> Description of the task
Because the images are not wanted, restate every line below word for word without them.

> Data below
>>>

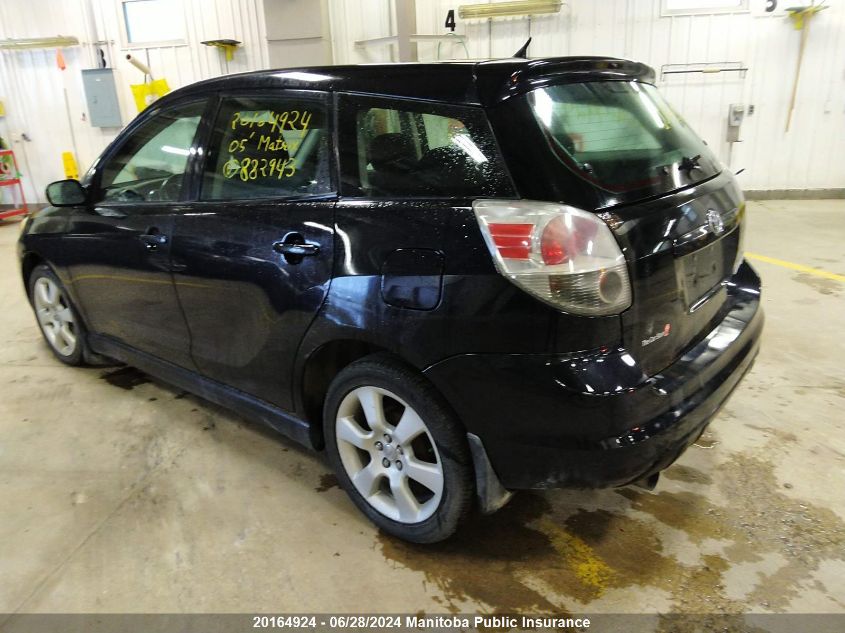 2005 Toyota Matrix Xr VIN: 2T1KR32E45C882943 Lot: 20164924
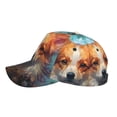 thumbnail image 3 of Xecao Cartoon Pattern Corgi for Baseball Cap: Unisex, crafted from classic polyester twill fabric, featuring a soft unconstructed design, 3 of 5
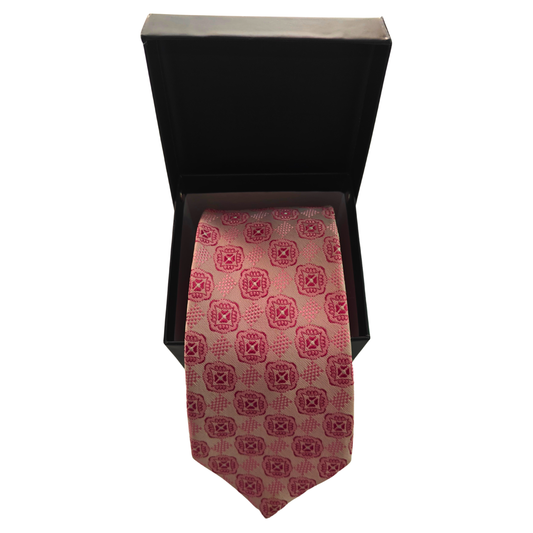 Pink Sovereign Microfibre Necktie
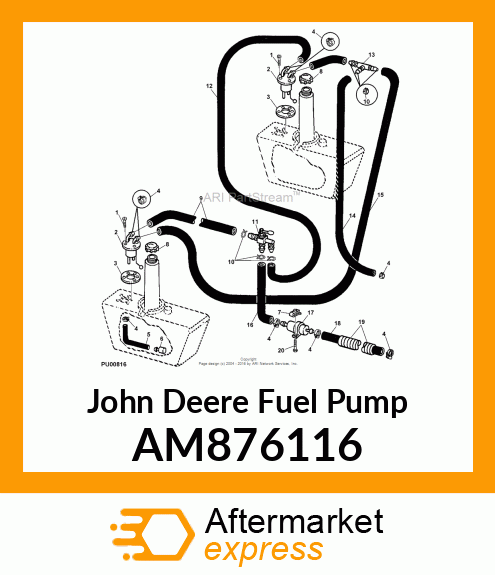 PUMP, FUEL AM876116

<<<

> Result
 2005 Toyota Matrix Xr VIN: 2T1KR32E45C882943 Lot: 20164924
 thumbnail image 3 of Xecao Cartoon Pattern Corgi for Baseball Cap: Unisex, crafted from classic polyester twill fabric, featuring a soft unconstructed design, 3 of 5
 Pink Sovereign Microfibre Necktie
 PUMP, FUEL AM876116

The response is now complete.